Hi, my name’s Annette, and I’m a book addict. It’s been shady bookthree days since I bought a book.

It all started innocently enough. I got my books free at first. My parents pushed picture books and easy readers like the Golden Books at me. Then I got into the good stuff – Dr. Suess’s Hop on Pop, Cat in the Hat, and the “primo” Green Eggs and Ham.

There was no turning back. Dolls or toys for my birthday or Christmas? I didn’t want no stinkin’ toys! Gimme books! And they happily fed my addiction. The piles started building. Books crammed my shelves, towered on my bureau, and scattered across my floor.

The Methadone Equivalent

Oh, I tried to cut down and quit. I can still remember the rush of my first library card (restricted to the children’s room at first). It was amazing! I could bring lots of books home with me! Of course, I had to return them, but then I could get another stack to take home for a while. Brilliant! Genius!

I made my acquaintance with Beatrix Potter and Dr. Doolittle. I swam in the high of new worlds and new characters. When I got my “adult” card, I hit dizzying heights. There was just so much to read – fiction, biographies, histories, how-to books. I almost overdosed.

Every Saturday I would head out to the library. I would cruise the card catalog, pull out a drawer, and run my fingers through the cards, the scent of countless others who had gone before wafting up.

Then I would saunter through the stacks, caressing the bindings as I went. I’d stop, pull out a book, and read the synopsis on the cover. Maybe I’d put it back to revisit another time. Maybe I’d tuck in under my arm to bring home for a an intimate snuggle.

Falling Off the Bookmobile

But then, I grew up, and trips to the library became rare. There was no time to stop in, and it was too far away. This is where I started getting into real trouble. I started buying books from bookstores. The problem was that I didn’t have a lot of extra money.
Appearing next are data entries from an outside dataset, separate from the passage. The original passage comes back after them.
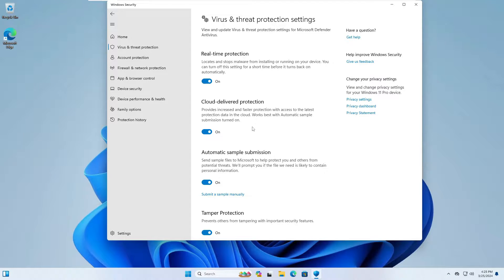Good day everyone, welcome back to Tech Genie. In this video I will be showing you how to permanently disable the Defender antivirus on Windows 11 without using any kind of tool or software. However, it's not recommended that you disable Windows Security, but if you're using any kind of third-party antivirus, you can permanently disable it without any tool.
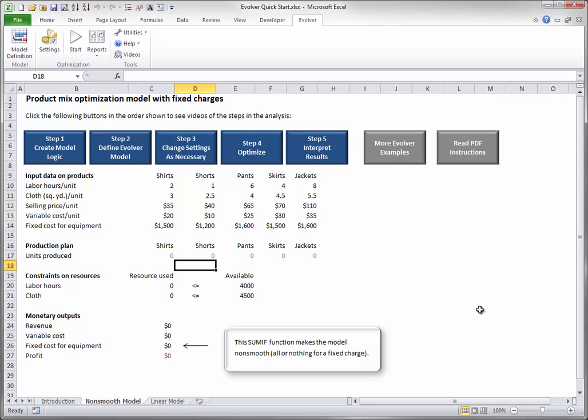Now it's your turn. Set up the model definition as shown in the last dialog box that you just saw. Remember to add limits 0 and 1800 to the adjustable cell range. Evolver requires limits, even if they are wide ones, on all adjustable cells. Also, remember to make the adjustable cells integers.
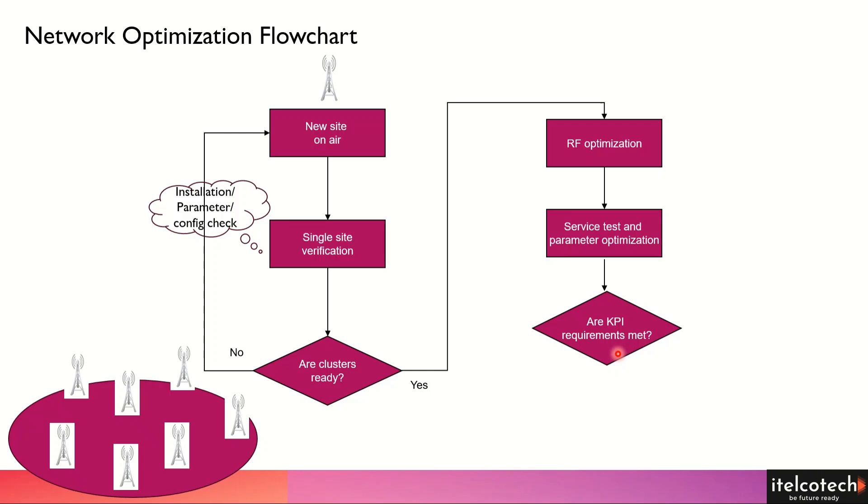But we need to analyze that at a more granular level. We start with the cluster KPIs, we can start with single site KPIs, and then we can dig down further to identify which are the top 5 or top 10 cases or cells where the issue is actually happening, and then we can further look into that.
“I have to have this book! If I glue the soles back on my shoes, I can squeeze a couple of more weeks out of them,” I’d rationalize.

I couldn’t sustain that kind of spending for too long, so I ended up in the book buying “underground.” Yes, I’m talking about yard sales, estate sales, flea markets, and thrift stores. I got The Federalist Papers for a quarter, for crying out loud! Who could pass that up?

The library itself has become a book-buying source. There are fewer and fewer books on the shelves to borrow. They are being migrated to THE BOOK SALE, where you can get a bagful for $1.

“Wanna sign up to borrow e-books?” the librarian huskily whispered as I clutched my bag and plunked down my $1. I hid my face in my hands and sobbed, “Yes!”

The Book Pipeline

The Internet has proved calamitous to my addiction. Now, I don’t even have to leave my house to get used books. I can get them delivered from sites like Alibris and Thriftbooks. My fellow addicts and I rotate our books in a circle of readers. Only the Postal Service knows the volume we move.

E-books don’t help, either. If I’m not buying discount books from Amazon, I’m downloading free books from Project Gutenberg. (Although e-books are convenient, I still like the feel of a real book, with pages to turn.)

There is no hope that I’ll ever contain my addiction. Recently, my grandson visited and marveled at the number of books I owned. He looked over the books loaded into the built-in shelves in the guest room.

“Wow! Nonna,” he said. “You sure have a lot of books.”

“Which ones would you like to take home with you?”